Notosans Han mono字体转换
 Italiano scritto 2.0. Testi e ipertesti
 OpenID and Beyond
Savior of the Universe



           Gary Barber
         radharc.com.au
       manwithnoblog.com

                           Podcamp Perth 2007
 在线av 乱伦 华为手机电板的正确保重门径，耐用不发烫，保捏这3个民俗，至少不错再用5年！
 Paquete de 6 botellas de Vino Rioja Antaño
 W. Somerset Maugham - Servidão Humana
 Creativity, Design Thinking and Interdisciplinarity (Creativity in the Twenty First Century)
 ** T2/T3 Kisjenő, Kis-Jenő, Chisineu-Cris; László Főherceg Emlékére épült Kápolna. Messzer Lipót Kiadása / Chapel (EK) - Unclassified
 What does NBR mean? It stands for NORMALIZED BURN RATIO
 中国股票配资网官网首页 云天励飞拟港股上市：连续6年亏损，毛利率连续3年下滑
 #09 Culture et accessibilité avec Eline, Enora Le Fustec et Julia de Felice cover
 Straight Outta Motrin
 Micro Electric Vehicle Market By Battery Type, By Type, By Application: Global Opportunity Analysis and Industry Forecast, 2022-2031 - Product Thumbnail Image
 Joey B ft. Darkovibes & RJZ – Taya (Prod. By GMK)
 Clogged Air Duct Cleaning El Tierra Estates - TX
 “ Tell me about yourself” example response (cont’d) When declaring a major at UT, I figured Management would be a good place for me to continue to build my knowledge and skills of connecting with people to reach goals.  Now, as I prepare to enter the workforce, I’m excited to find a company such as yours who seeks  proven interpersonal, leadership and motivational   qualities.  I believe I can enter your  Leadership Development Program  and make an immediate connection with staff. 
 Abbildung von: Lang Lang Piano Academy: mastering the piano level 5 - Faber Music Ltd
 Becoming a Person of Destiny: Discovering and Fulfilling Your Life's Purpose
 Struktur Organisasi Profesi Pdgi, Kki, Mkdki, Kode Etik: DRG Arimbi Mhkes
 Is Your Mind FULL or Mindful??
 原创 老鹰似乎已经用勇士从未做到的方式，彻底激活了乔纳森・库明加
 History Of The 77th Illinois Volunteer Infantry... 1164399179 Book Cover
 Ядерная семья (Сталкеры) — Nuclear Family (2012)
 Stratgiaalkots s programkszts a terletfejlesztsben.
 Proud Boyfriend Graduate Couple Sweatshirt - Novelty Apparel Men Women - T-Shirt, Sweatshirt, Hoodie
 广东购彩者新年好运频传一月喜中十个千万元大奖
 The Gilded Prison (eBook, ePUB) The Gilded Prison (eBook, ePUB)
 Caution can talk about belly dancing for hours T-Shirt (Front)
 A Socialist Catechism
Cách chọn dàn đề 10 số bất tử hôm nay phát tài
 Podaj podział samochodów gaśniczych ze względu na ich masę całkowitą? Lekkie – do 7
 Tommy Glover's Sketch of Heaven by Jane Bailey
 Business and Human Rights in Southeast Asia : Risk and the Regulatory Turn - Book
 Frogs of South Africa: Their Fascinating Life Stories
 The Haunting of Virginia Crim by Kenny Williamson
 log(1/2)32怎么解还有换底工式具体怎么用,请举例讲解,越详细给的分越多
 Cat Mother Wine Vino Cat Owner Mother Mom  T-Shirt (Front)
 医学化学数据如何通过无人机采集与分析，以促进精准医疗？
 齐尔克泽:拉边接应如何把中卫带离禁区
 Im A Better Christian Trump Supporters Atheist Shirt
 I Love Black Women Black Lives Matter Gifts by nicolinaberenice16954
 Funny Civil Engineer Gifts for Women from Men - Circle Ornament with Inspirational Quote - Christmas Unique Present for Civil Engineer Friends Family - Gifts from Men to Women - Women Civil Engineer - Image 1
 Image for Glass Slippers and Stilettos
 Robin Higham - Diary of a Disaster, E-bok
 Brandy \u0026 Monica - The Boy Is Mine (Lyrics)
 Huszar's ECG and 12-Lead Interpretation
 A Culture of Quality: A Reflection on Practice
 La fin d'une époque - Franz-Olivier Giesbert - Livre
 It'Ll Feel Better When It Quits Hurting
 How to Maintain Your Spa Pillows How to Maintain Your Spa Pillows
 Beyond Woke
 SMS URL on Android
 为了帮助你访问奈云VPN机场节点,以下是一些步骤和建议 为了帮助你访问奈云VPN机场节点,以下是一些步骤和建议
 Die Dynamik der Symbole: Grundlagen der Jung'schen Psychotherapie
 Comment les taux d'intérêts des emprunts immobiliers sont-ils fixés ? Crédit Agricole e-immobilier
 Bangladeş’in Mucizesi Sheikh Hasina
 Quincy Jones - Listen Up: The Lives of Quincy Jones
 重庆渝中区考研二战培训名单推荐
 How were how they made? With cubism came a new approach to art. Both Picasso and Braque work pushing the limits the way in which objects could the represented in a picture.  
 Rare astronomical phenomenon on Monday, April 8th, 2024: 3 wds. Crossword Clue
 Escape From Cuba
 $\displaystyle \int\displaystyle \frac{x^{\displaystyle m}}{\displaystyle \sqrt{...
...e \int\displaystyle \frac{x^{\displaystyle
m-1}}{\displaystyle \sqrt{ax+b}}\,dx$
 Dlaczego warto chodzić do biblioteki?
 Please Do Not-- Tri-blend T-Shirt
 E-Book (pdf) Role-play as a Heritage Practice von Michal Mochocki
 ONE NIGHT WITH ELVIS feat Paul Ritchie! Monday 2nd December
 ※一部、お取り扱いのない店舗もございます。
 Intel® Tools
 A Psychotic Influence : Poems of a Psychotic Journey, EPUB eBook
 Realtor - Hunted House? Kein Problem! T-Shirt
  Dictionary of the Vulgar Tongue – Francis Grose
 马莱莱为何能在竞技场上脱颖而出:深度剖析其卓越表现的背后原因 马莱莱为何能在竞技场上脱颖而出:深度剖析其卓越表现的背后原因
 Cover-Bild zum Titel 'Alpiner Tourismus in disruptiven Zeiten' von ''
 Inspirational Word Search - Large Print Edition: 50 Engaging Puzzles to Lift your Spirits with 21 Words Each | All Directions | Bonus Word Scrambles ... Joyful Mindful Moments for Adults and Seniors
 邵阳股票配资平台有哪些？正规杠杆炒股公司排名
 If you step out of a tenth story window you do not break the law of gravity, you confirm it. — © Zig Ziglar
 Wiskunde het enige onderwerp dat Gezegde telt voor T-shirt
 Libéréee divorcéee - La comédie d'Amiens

::::::

> Activity
The string "Life" marks the lines to return from the material. Copy each one.

> Finished task
 Becoming a Person of Destiny: Discovering and Fulfilling Your Life's Purpose
 Frogs of South Africa: Their Fascinating Life Stories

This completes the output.